Strony: 1 2 3 4 5 6 7 8


- Ks.Marek - 02-03-2009 11:58

Kyllyan napisał(a):Czasami odnoszę wrażenie, że niektore - panie przeważnie - chca go mieć po to, ...by go miec
Jakoś do tej pory nie zauważyłem takiej tendencji. Może to przez fakt, iż pracuję w niewielkiej społeczności parafialnej (ok 2 tys. dusz).


- aga - 02-03-2009 12:02

To chyba jest tak, że o kierownictwo duchowe proszą ludzie poważni, którzy Pana Boga traktują poważnie. Bo jak komuś obojętne to nawet nie odważy się na to, by całkowicie obnażyć się przed drugim człowiekiem. To wymaga dojrzałości i odwagi. Ale z drugiej strony są też ludzie niedojrzali emocjonalnie, którzy szukają, żeby mieć.


- Ks.Marek - 02-03-2009 12:07

aga napisał(a):To wymaga dojrzałości i odwagi.
Zgadza sie, Aguś.
Miłym dla mnie zaskoczeniem była jedna z wizyt duszpasterskich, kiedy mi ktoś powiedział, że cieszy się, że może się u mnie spowiadać. To wymaga dojrzałosci, by w konkretnej rozmowie, przywołując jakies nawet zdania z nauki, mówić o pracy nad sobą, o postepie duchowym


- aga - 02-03-2009 15:34

A ja mam takie coś, że jak idę do księdza i on mi coś czasem powie, zupełnie nie zdając sobie sprawy z tego, że to, co powiedział może spowodować moją przemianę, zrozumienie istotnej kwestii. Wy, księża, nie jesteście świadomi owoców Waszej posługi. I to też jest łaska, że tego nie wiecie. Ostatnio ksiądz powiedział mi dosłownie jeden wyraz, przyszłam do domu i nagle wszystko zrozumiałam! Rzecz jasna - ksiądz nie ma bladego pojęcia o tym. Uśmiech


- nadinn - 02-03-2009 15:51

Nie kazdy moze miec kierownictwo duchowe, jak jezdzilam na rekolekcje, nie powiem
mialam takze, kierownictwo duchowe, rekolekcje sie skonczyly, kaplana przeniesli do Warszawy i teraz chocbym chciala miec tego samego, to jest niemozliwe. Pozostaje mi
spowiedz u ksiedza w PMK, ale dziekuje Bogu za to, ze mamy misje.

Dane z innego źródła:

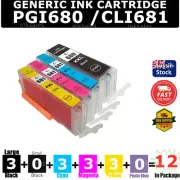 12x PGI680 CLI681 XXL Ink For Canon TR7660 TR8660 TS6260 TS6365 TS8260 TS8360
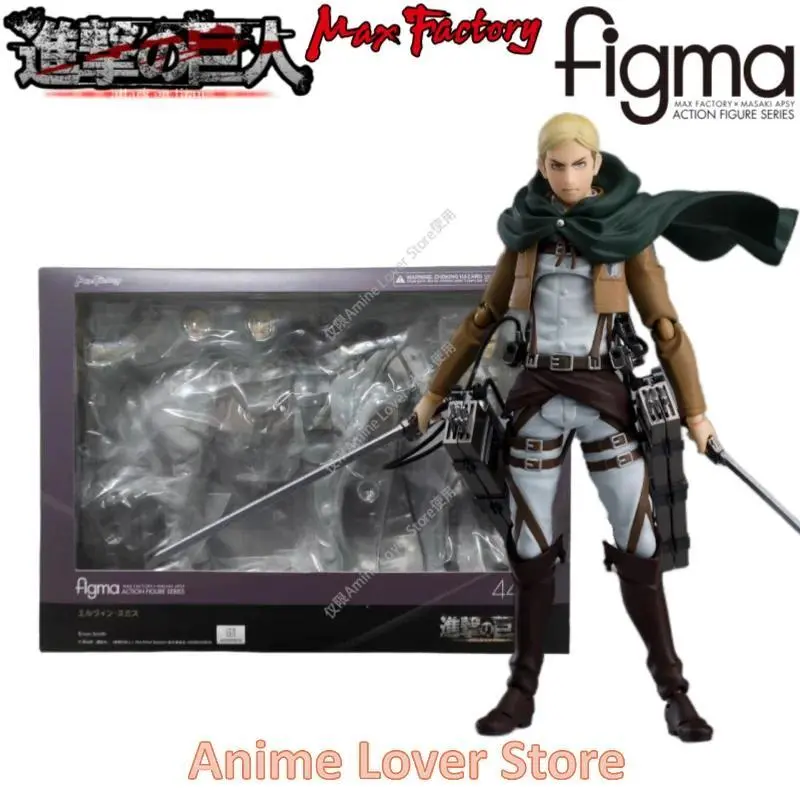 Good Smile Max Factory Figma Attack On Titan Mikasa Ackerman Eren Jaeger Rivaille Ackerman Erwin Smith Armin Arlert Anime Figure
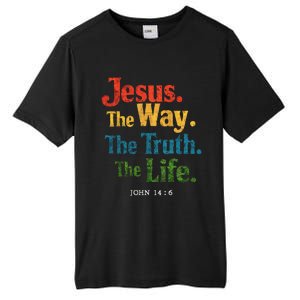 Jesus The Way Truth Life Women Christian Tall Fusion ChromaSoft Performance T-Shirt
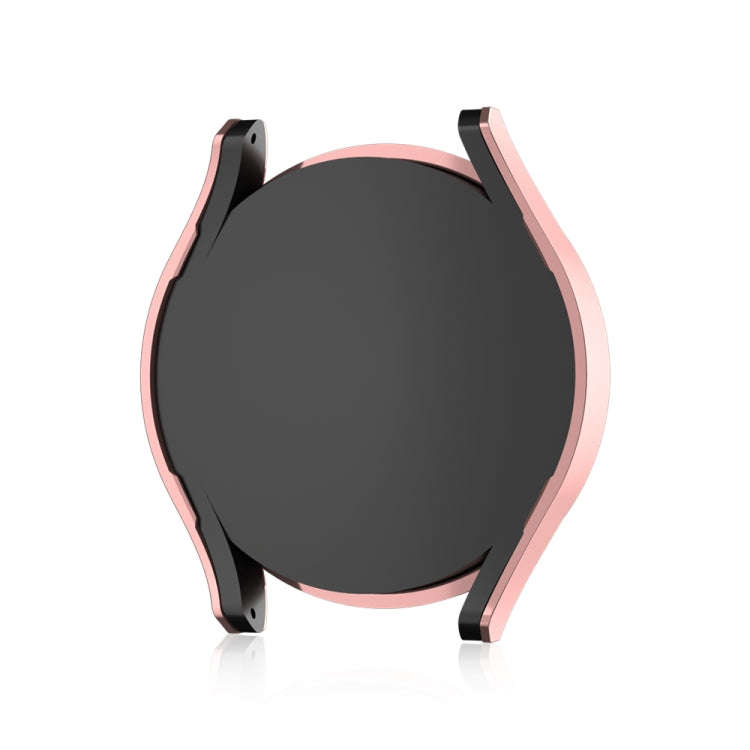 For Samsung Galaxy Watch 6 40mm Diamond Hollow PC Watch Protective Case(Pink)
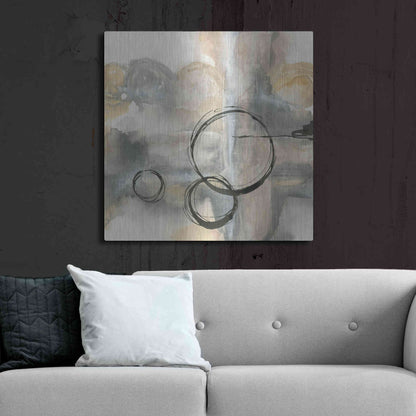 Luxe Metal Art 'Full Circle II' by Chris Paschke, Metal Wall Art,36x36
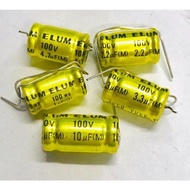 NON POLAR CAPACITOR FOR TWEETER 50v 100v 2.2uf 3.3uf 4.7uf 6.8uf - 1pc per order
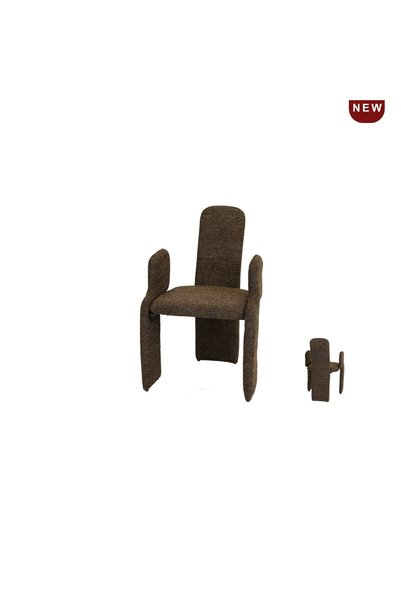 IN HOME STORE كرسي مفرد بتصميم عصري قماش بني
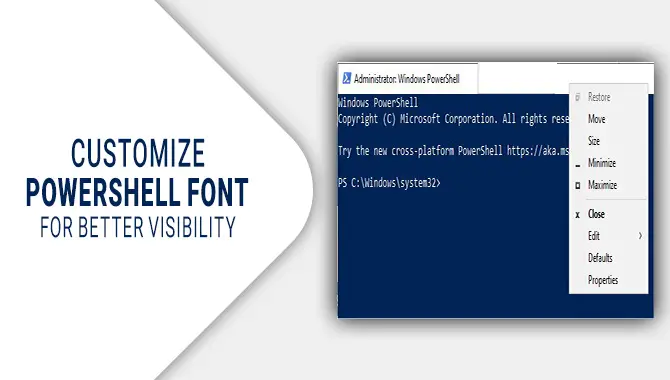 Customize Powershell Font For Better Visibility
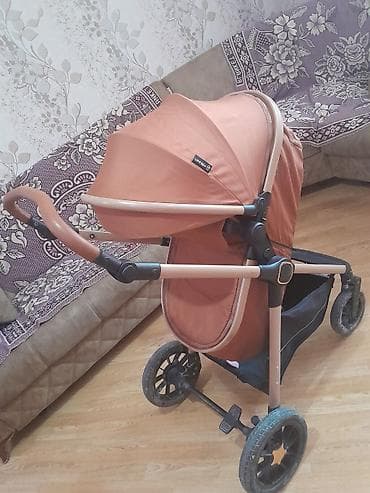 Uppababy uşaq arabası - Tip: 4 təkərli, gəzinti arabası - Rəng: tünd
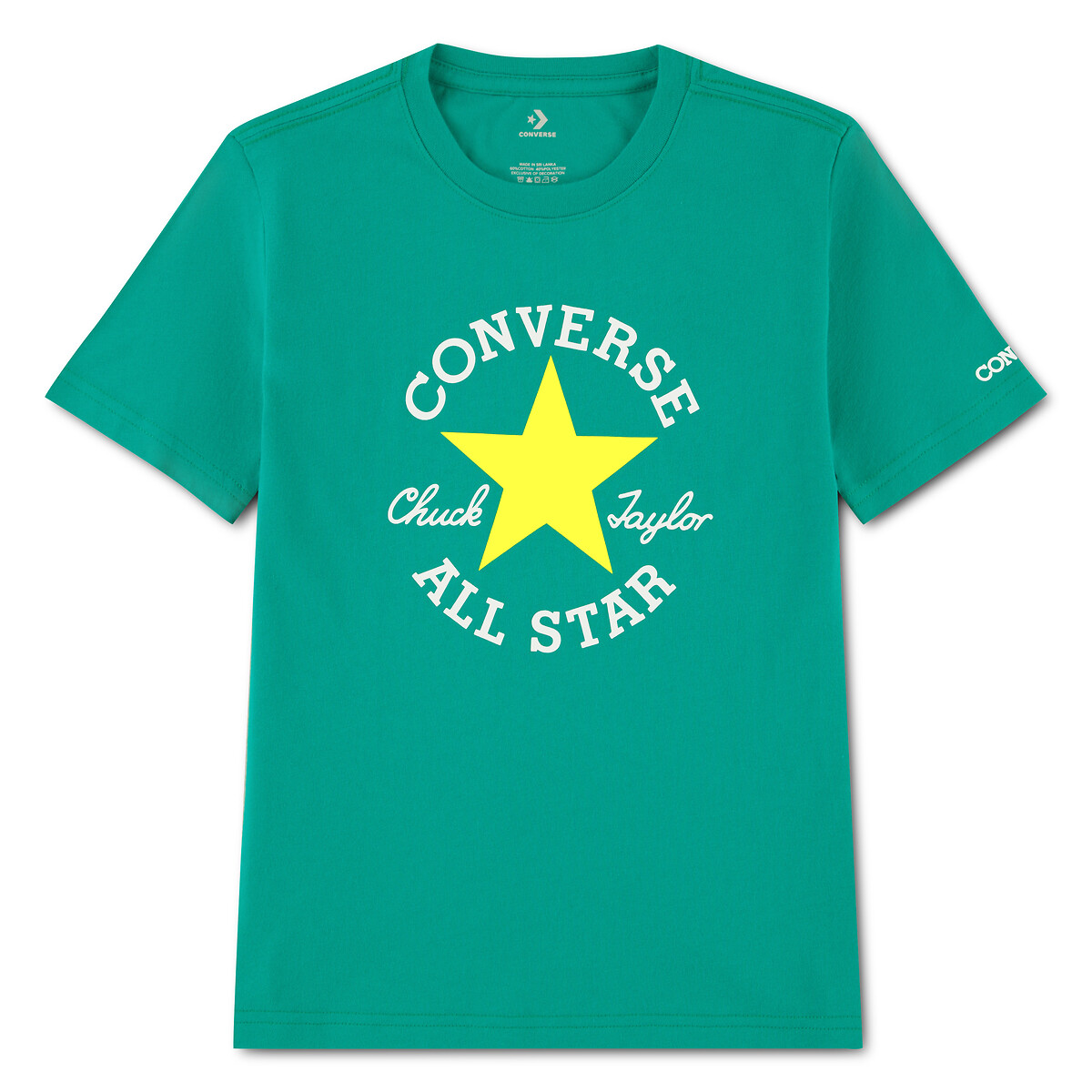 Camiseta manga corta, logotipo pecho verde, CONVERSE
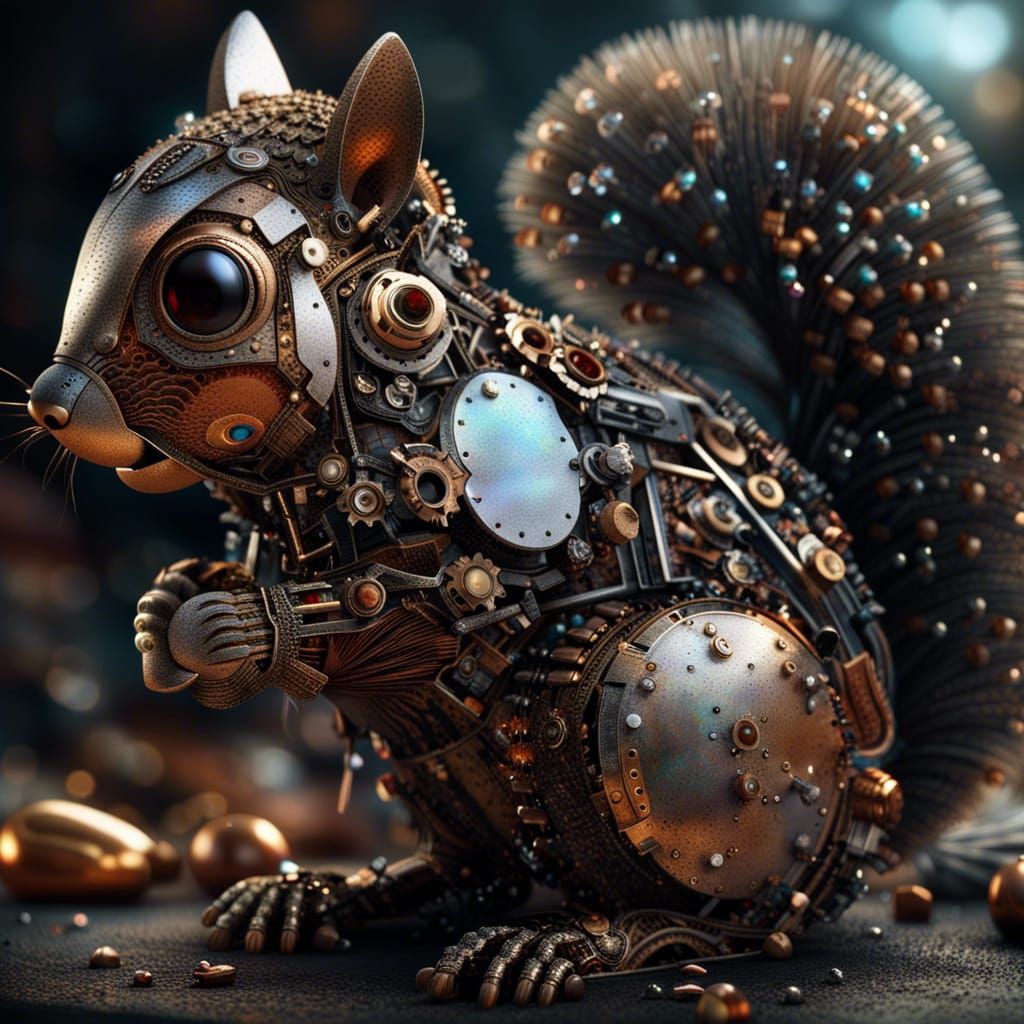 Squirrelmech  by @Cahlyn2230 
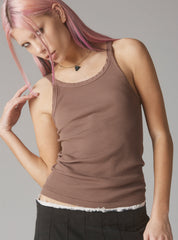 Staple Rib Tank Mauve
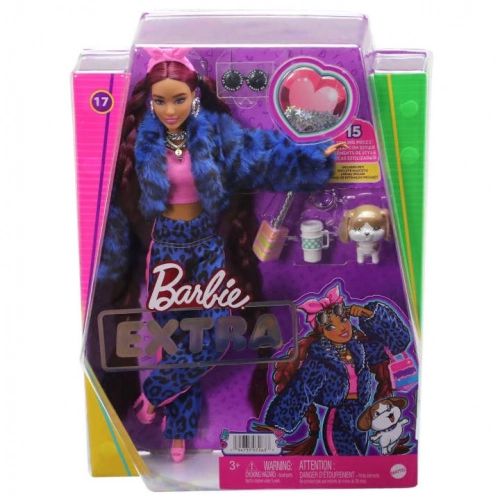 Barbie Extra Doll-Blue Leopard Track Suit lelle HHN09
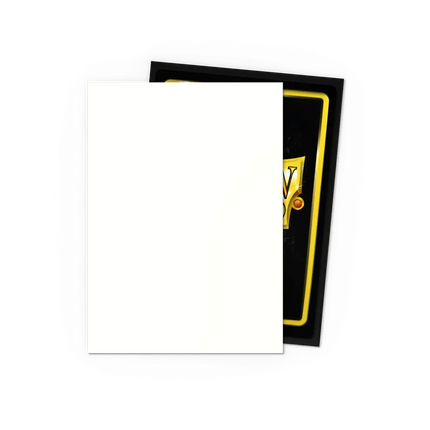 Dragon Shield - Dual Matte Sleeves - Standard Size - 100pk - Snow - The Card Vault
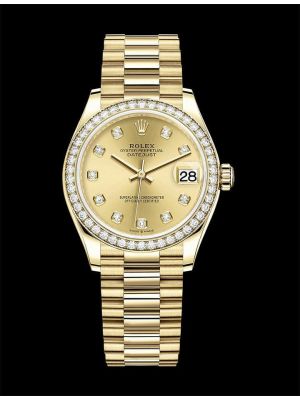 Rolex Datejust Yellow Gold Swiss Watch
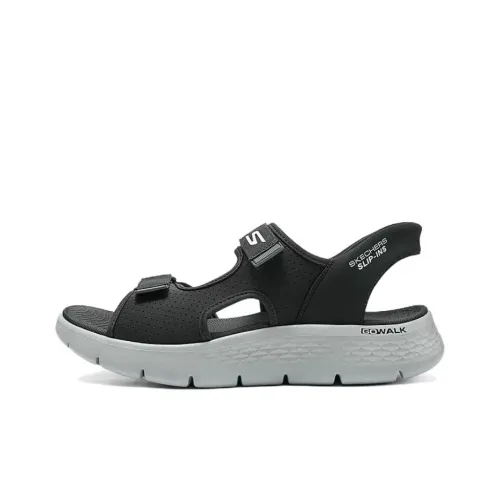 Skechers Go Walk Flex One Ремешок Сандалии Черный Серый Цвет Мужской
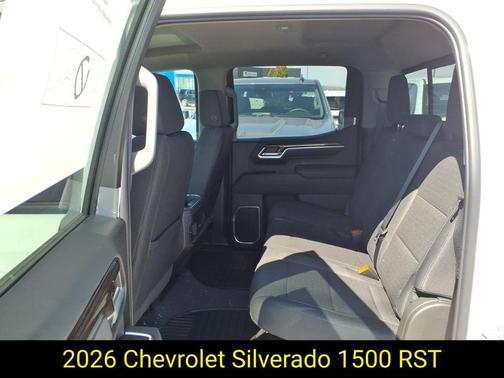 Summit White 2026 Chevrolet Silverado 1500 RST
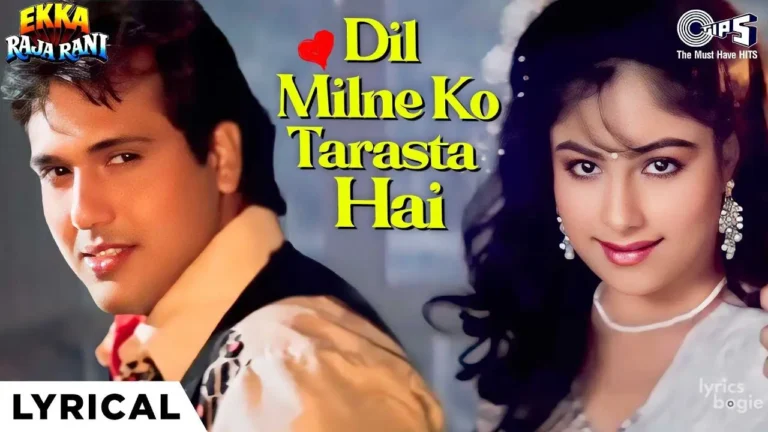 Dil Milne Ko Tarasta Hai Lyrics - Alka Yagnik, Vinod Rathod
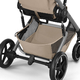 Детская коляска Cybex Balios S Lux TPE 2 в 1 Almond Beige, спальный блок Fold Cot и дождевик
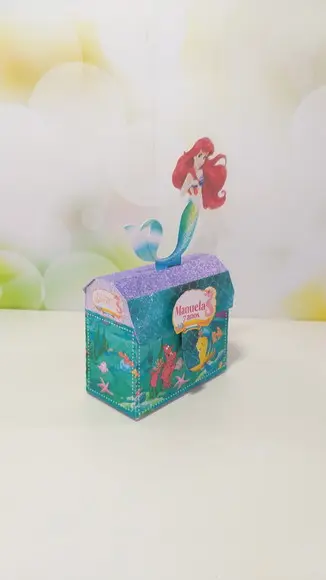 Kit Festa Personalizada Pequena Sereia 35 Itens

- nieania - 02-03-2009 18:37

Oj z pewnością księża w Instytucie nie mają pojęcia jak wiele we mnie, w moim myśleniu i działaniu zmienia się dzięki ich kazaniom... Czasem odnoszę takie wrażenie, że ksiądz ułożył kazanie specjalnie dla mnie. Czasem jedno zdanie, a nawet słowo (jak u Agi) i coś zaczynam rozumieć, coś rozgryzać, dostrzegam coś nad czym muszę pracować.

Nie wiem jak inni, ale ja coraz silniej odczuwam to, że Bóg układa całe moje życie, kieruje nim, wpływa na wszystko, co się w nim dzieje... I bez tych konkretnych spotkanych ludzi, tych konkretnych usłyszanych słów, tych konkretnych spotkań, w których uczestniczyłam, uczestniczę jestem przekonana, że nie poradziłabym sobie, byłabym strzępkiem człowieka, a tak jakoś się trzymam.
Myślę, że miał rację ksiądz, który mi powiedział, że jestem jak Jonasz, uciekam przed Bogiem, a On i tak stawia mnie tam gdzie chce. Ja dodam do tego i czyni ze mnie taką osobę, jaką chce abym była.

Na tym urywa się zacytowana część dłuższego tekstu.